TASK DETAILS — Look for the word "Pool" in the entries below, then copy every line that has it.

Excerpts from a dataset
######
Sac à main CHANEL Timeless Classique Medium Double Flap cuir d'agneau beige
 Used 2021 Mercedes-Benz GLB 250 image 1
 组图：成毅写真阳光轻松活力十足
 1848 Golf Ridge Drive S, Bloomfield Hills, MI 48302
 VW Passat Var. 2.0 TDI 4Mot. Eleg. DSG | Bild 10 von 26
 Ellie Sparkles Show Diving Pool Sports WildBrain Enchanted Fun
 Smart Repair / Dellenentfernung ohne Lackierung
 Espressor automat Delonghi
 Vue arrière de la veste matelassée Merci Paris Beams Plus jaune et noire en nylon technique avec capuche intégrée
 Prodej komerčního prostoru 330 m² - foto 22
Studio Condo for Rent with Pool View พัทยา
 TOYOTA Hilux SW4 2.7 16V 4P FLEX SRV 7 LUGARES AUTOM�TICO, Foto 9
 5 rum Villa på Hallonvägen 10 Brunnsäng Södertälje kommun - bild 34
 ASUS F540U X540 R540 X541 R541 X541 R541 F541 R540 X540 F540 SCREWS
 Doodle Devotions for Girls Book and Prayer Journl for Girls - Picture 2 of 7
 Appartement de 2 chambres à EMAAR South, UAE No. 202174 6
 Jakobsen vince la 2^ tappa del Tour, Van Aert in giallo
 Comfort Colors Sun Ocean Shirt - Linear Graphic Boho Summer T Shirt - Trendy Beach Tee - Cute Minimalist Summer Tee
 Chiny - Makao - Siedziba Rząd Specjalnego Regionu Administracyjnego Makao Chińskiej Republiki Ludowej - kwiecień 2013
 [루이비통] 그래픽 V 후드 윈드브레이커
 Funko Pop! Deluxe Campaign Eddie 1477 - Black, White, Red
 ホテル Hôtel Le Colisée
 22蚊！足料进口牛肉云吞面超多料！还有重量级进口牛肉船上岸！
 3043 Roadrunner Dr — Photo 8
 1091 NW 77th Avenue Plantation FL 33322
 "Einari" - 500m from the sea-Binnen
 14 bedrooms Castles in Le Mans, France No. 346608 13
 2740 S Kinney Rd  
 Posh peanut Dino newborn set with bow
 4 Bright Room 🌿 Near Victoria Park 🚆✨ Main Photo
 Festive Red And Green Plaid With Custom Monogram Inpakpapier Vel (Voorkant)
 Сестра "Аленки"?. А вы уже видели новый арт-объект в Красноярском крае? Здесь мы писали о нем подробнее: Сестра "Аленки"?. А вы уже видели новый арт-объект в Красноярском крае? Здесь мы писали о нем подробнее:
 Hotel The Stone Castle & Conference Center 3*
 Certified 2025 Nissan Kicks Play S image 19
######
ANSWER BOX —
 Ellie Sparkles Show Diving Pool Sports WildBrain Enchanted Fun
Studio Condo for Rent with Pool View พัทยา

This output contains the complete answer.